At a San Francisco hearing in the EFF's case last month, Judge Walker wondered aloud if the incoming Obama administration would continue to defend the 'legislation' passed last July. Then Senator Obama allegedly opposed immunity but voted in favor of it because it was included in new 'legislation' giving the Bush administration broader warrantless surveillance power.
The EFF challenged the immunity legislation on the grounds that Congress legalized what the EFF termed as unconstitutional activity by the telecommunications companies.
NSA Targeted Journalists, All U.S. Communications
If none of the previous information is compelling enough to reverse course and charge the former administration with crimes worse than those committed by former President Nixon, below is some more.
Russell Tice, a former NSA analyst appeared with Countdown host Keith Olbermann two days in a row this past week. Tice revealed that the NSA's warrantless surveillance program targeted U.S. journalists, and vacuumed up all domestic communications of Americans, including faxes, phone calls and internet traffic.
After the New York Times broke the story in 2005 on the government's warrantless wiretapping program --- with Tice's help --- then President Bush said the only people in the U.S. being targeted for surveillance were those who were talking with terrorists overseas. As usual, Bush lied.
Tice confirmed what critics of the illicit wiretapping program have long assumed: the spying involved a monitored dragnet of all communications.
According to Tice, the NSA analyzed metadata to determine which communications would be collected. For example, if the agency determined that terrorists communicated in brief, two-minute phone calls, the NSA might program its system to record all such calls, resulting in invading the privacy of everyone talking on the phone for two minutes.
Tice was told to monitor certain groups in order to eliminate them as suspects. Those groups were U.S. journalists and news agencies, along with 'tens of thousands of other Americans.' But rather than excluding the organizations from monitoring, he found out that the NSA was collecting the organizations' communications 24 hours a day, 365 days a year, meaning there was never any intent of eliminating anyone from the surveillance. Tice has not identified the reporters or the organizations that were allegedly targeted.

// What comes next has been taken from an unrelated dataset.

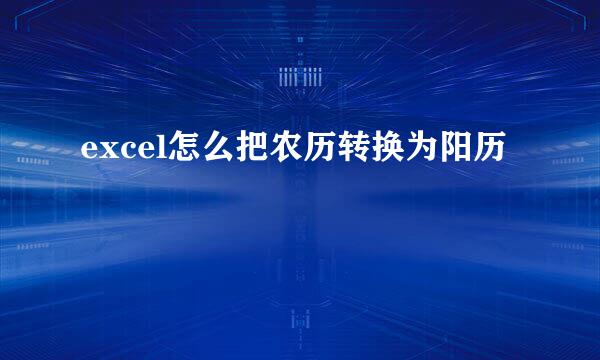 excel怎么把农历转换为阳历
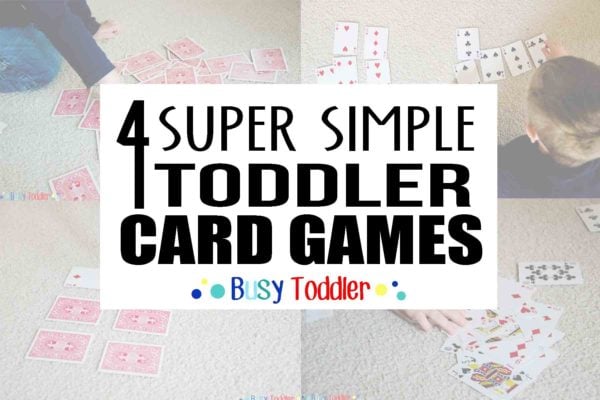 CARD GAMES: 4 super simple card games to play with your toddler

Wiretaps Combined With Credit Card Records of U.S. Citizens
Information garnered from the data-mining was combined with credit card records of U.S. citizens. During Tice's second appearance on Countdown, Tice expanded on his revelations from the night before. Tice said the NSA also combined information from phone wiretaps with data that was mined from credit card and other financial records as well as travel records. Information on tens of thousands of U.S. citizens is currently stored in digital databases warehoused at the NSA.

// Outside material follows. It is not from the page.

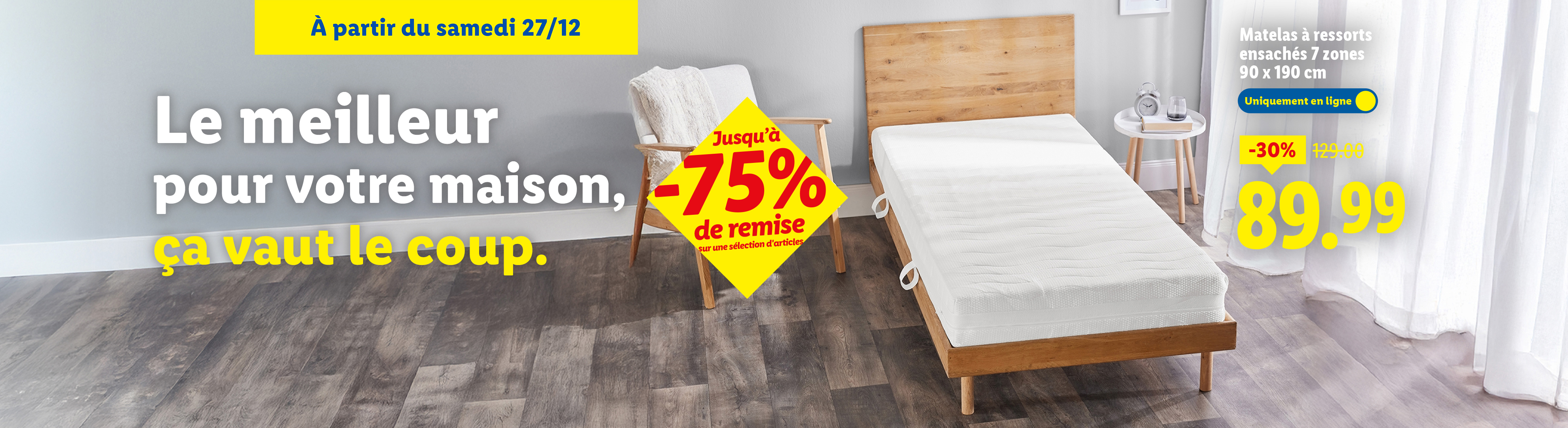 Publicité pour un matelas à ressorts ensachés à 89,99€ et jusqu'à -75% de remise sur une sélection d'articles.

New York Times reporter James Risen, the co-author of the paper's 2005 story on the warrantless wiretapping suspects he was one of those monitored since Bush administration officials obtained copies of his phone records. Risen does not know if the records were obtained legitimately by the FBI or if his information was included in the NSA data-mining program.
Risen figures the NSA program of monitoring journalists was intended to be used to ferret out and intimidate possible sources "to have a chilling effect on potential whistleblowers in the government to make them realize that there's a Big Brother out there that will get them if they step out of line."

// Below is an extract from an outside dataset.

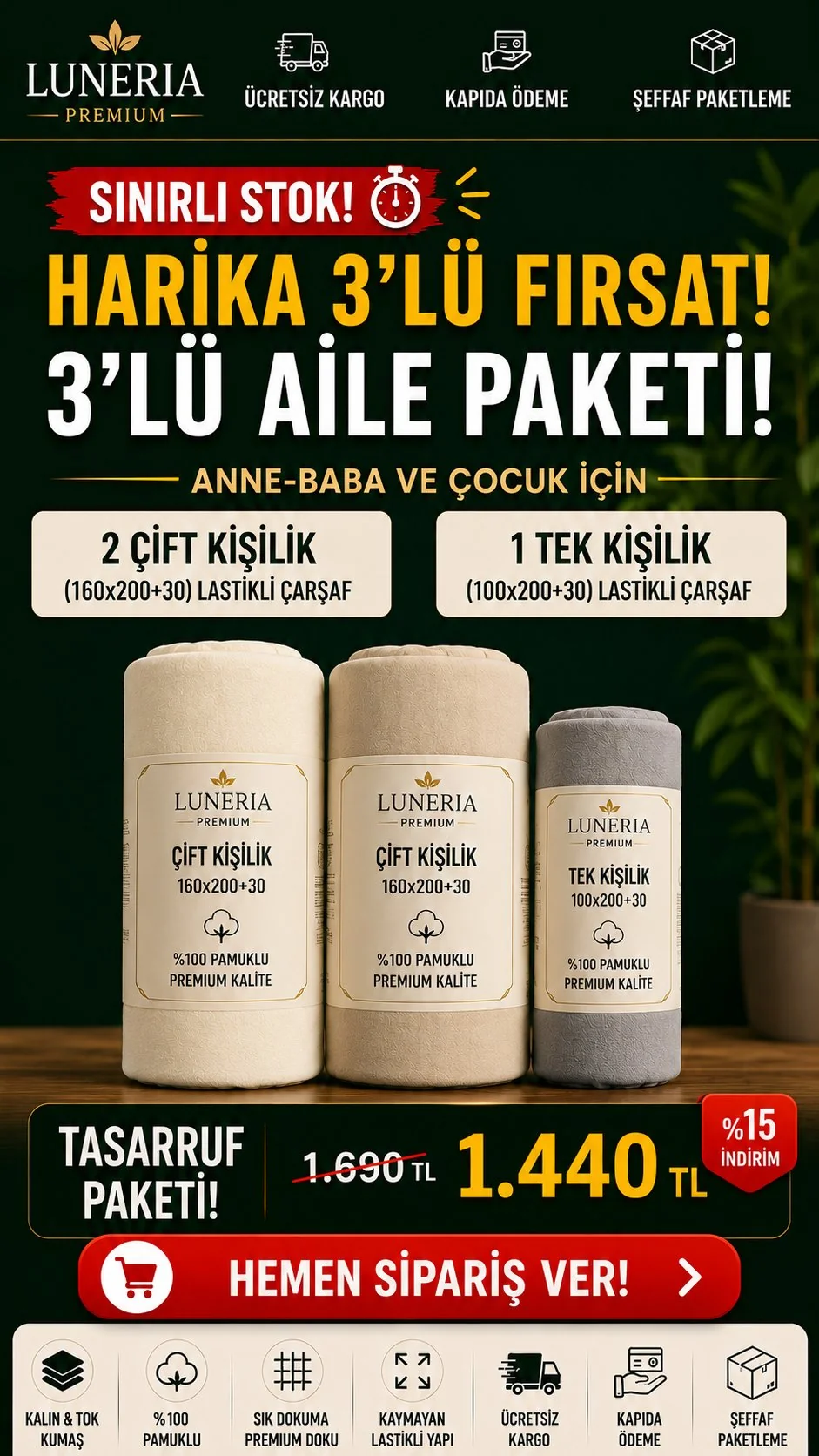 Luneria 3'lü Aile Lastikli Çarşaf Seti — 2 Çift + 1 Tek — 1.440 TL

Being a lawyer and Constitutional professor before entering politics, Obama is more than well aware that the legislation passed by Congress regarding the Telecom immunity is both illegal and unconstitutional, yet for some reason he's supporting the continued use of it. After the past eight years, it's time for the prosecutions and accountability to begin, it's time for the deliberate illegal destruction of Democracy, rights and freedoms in the name of "National Security" to end and it's time for the truth to come out.